Dive Brief:
- Amid a spate of construction deaths and accidents, the chair of New York City's Committee on Housing and Buildings is calling on the city to classify construction safety incidents as either union or nonunion, according to the New York Daily News.
- Union proponents have long maintained that their workforce is better trained and safer, so Councilman Jumaane Williams said tracking accidents by whether or not the workers are union or nonunion could provide real data on "who’s safe and who isn’t."

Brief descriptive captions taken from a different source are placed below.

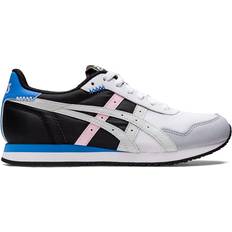 Asics Tiger W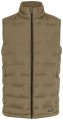 351468-04 Baker Vest Men Front.jpg
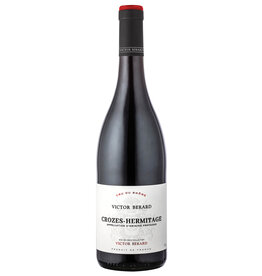 Victor Berard Victor Berard Crozes-Hermitage Rouge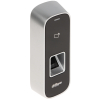 KONTROLER DOSTĘPU + RFID ASI1202M DAHUA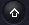 The Cellar Forum Index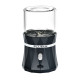 SC Pulsar King Kut V2 Electric Grinder 370 mAh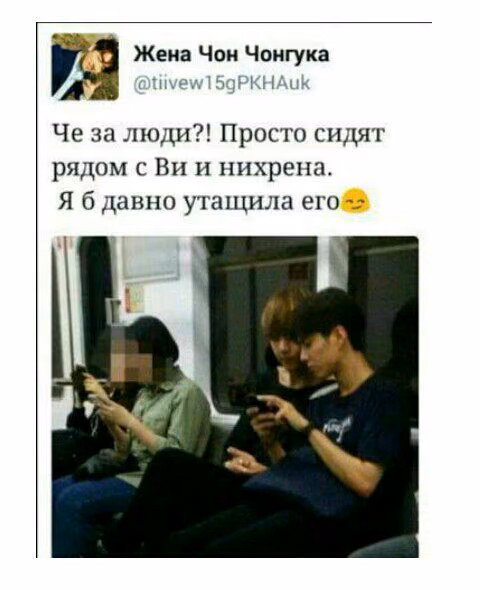 0c09b958c571b309eeeedb59b5a45ea2.avif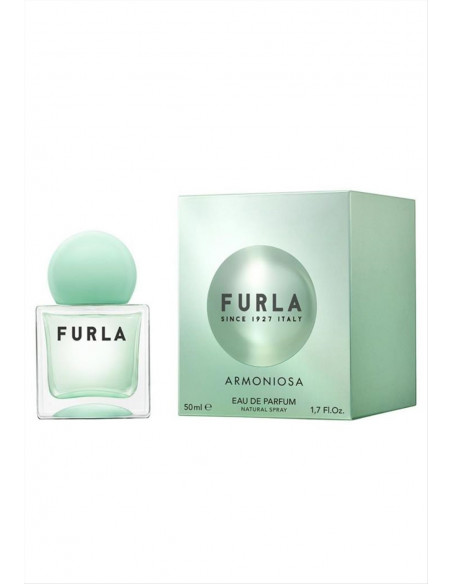 FURLA ARMONIOSA EDPV 50 ML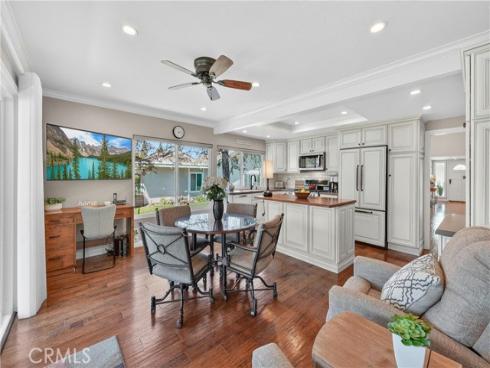 1213 Woodside , Placentia, CA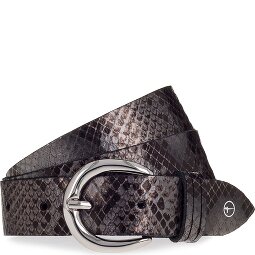 Tamaris Ceinture Cuir  Modéle 1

- There were 433 accidents and 471 injuries on construction sites in 2015, according to the Daily News — twice the number that the city recorded in 2014. According to the Department of Buildings, there were also 12 construction site deaths, up from eight in 2014.
Dive Insight:
In response to the rise in job site accidents and injuries, the New York City Department of Buildings upped its enforcement efforts and issued more than 4,580 stop-work orders in the first half of 2016. This was a 23% increase from the first six months of 2015. While it's clear that inspectors have been erring on the side of caution, critics of the DOB's stricter policy have complained that there are no written guidelines about stop-work orders and that inspectors are too quick to issue them.
In addition, after a series of crane accidents in the city — including one that killed a pedestrian on a Manhattan street in February — Mayor Bill de Blasio initiated tighter safety procedures that allowed for higher fines for crane safety violations. The city's new rules also included increased neighborhood notice requirements about crane use in the area and limitations on crane operations in windy conditions.

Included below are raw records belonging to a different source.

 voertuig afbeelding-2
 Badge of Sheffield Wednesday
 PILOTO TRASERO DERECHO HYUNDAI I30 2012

According to an April Wall Street Journal report, unions are starting to lose their grip on private markets in typically union-centric markets, such as New York. Major companies in the city like Tishman Construction and Turner Construction have passed on renewing certain collective bargaining union labor agreements for private work, indicating they’re planning to use less expensive nonunion workers on future projects. Part of the unions' justification for higher wages is that their workers provide a higher quality and safer product than their nonunion counterparts. However, proponents of the merit shop philosophy contest that claim and say nonunion job sites are just as safe.

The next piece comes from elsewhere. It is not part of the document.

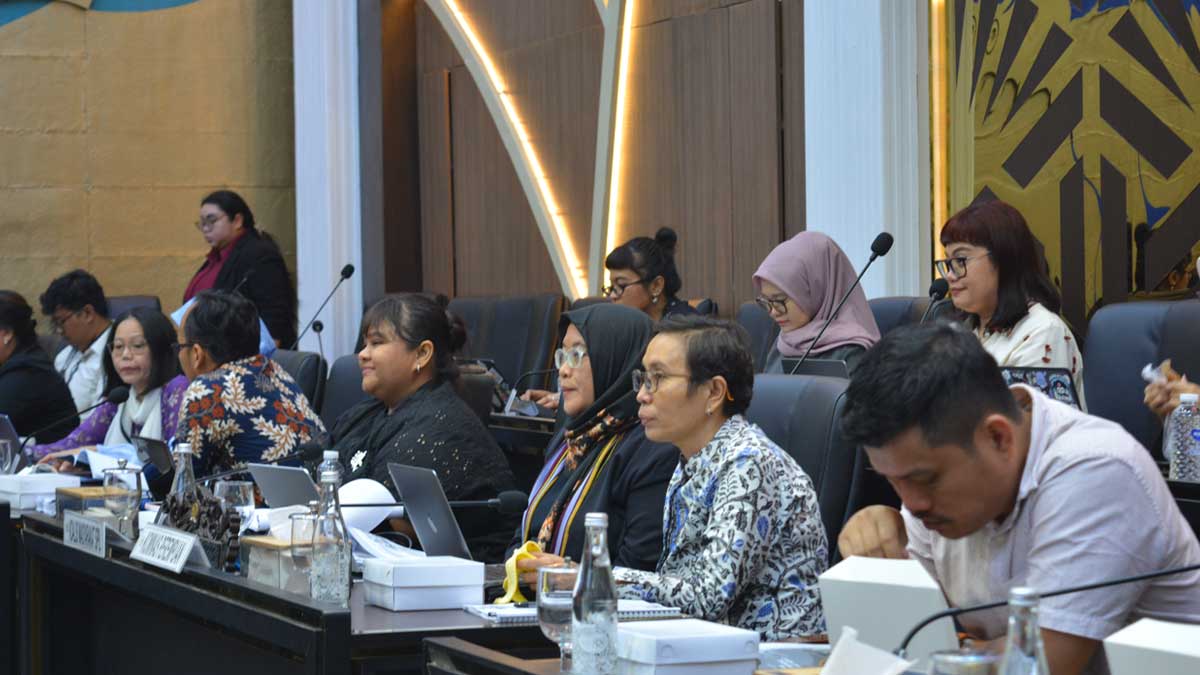 InfoSAWIT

The increase in construction deaths and injuries also drove the New York County District Attorney Cyrus Vance Jr. to form a construction fraud task force, which targets all kinds of malfeasance and unsafe practices among construction companies operating in New York. The main driver behind the task force was the April 2015 death of 22-year-old immigrant worker Carlos Moncayo in a jobsite trench collapse. Prosecutors won a conviction against general contractor Harco Construction in the Moncayo incident. The judge also sentenced Harco to pay for an English-Spanish public safety ad campaign, but Harco refused to comply and said it planned to appeal the conviction.